Lunch break! I’m hungry and grab a sandwich at a local deli. My office supervisor calls me in. The afternoon appointment got cancelled, and he would like me to spend the downtime working on some training for a new product we’ve developed. I spend the next two hours working through the program’s features on our online training program. It’s easy to use, and it even incorporates some gamification features, making it interactive and fun. I love this job.
After I wrap up my training, my boss asks me to take an appointment that a fellow team member can’t respond to because she’s still at a jobsite. We have a fantastic, field service real-time scheduling module that allows us to handle these kinds of mid-day switches and emergencies. Our office is more organized, as a result, with little downtime and the ability to dispatch tech support agents on short-notice.

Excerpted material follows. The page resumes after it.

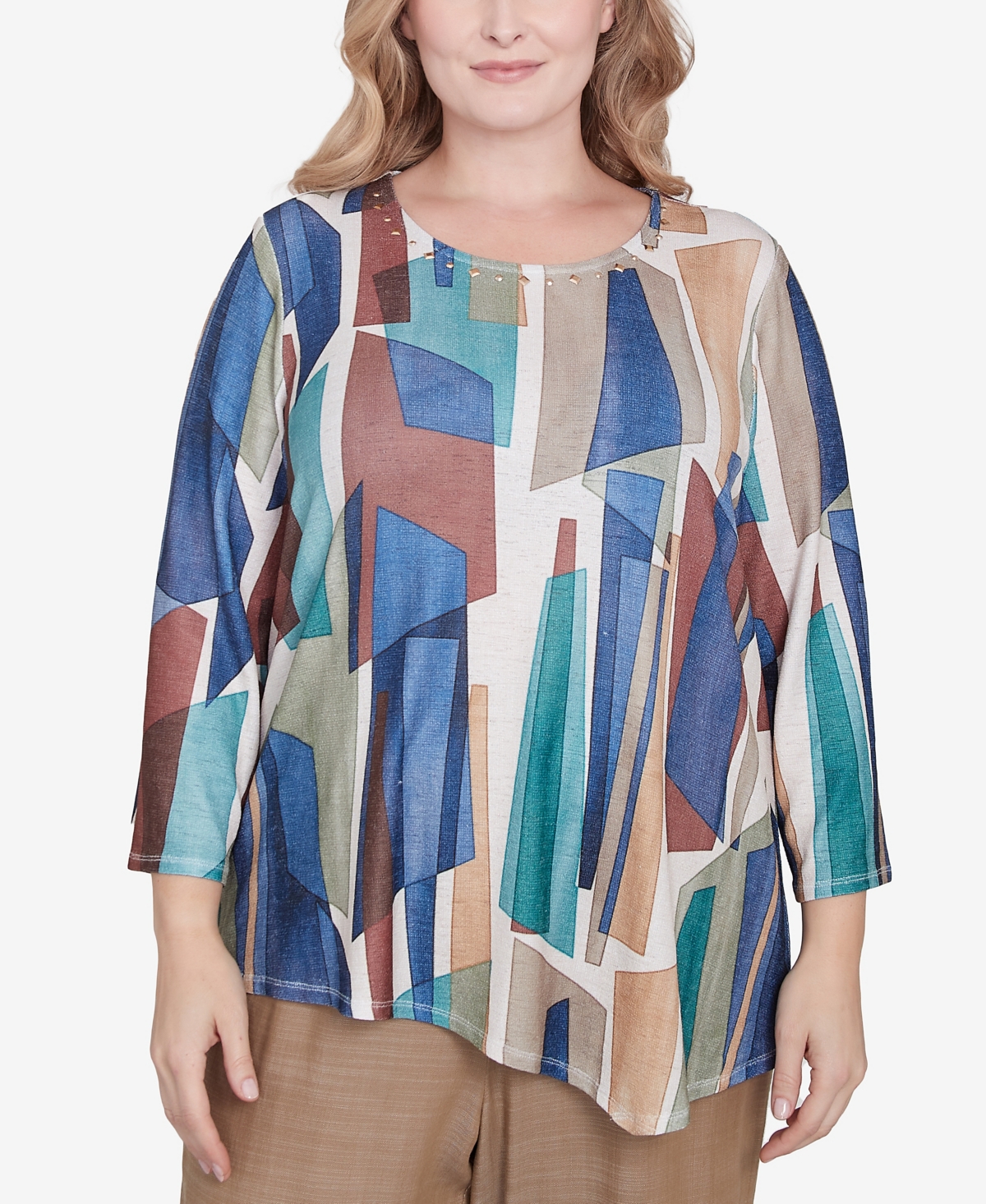 Alfred Dunner Plus Size Summer Solstice Abstract Stained Glass Crew Neck Top In Navy Multi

The client that I’ve been sent to work with is a total newbie when it comes to computers. They need a very basic tutorial on how our systems work. I sit down and patiently go through the basics of our program so that the client feels comfortable using the system. I enjoy these types of tasks – it’s rewarding watching people learn new skills and gain confidence.
The day is done, and it was a long one! I check through my work emails to see if there are any critical things I need to respond to before I check out for the night. One of our clients sent my supervisor a note about how pleased she was with my working style. Another reward of the job.
And that’s a day in the life of a customer-facing tech support agent! I work for a company that values training – and we get a lot of it. We have customer support training, frequent tech training courses, and even training on how to advance our careers. As a result, I have confidence in my skillset, I feel like I’m constantly improving, and the turnover in our office is low. I’m fortunate to have picked the career I did!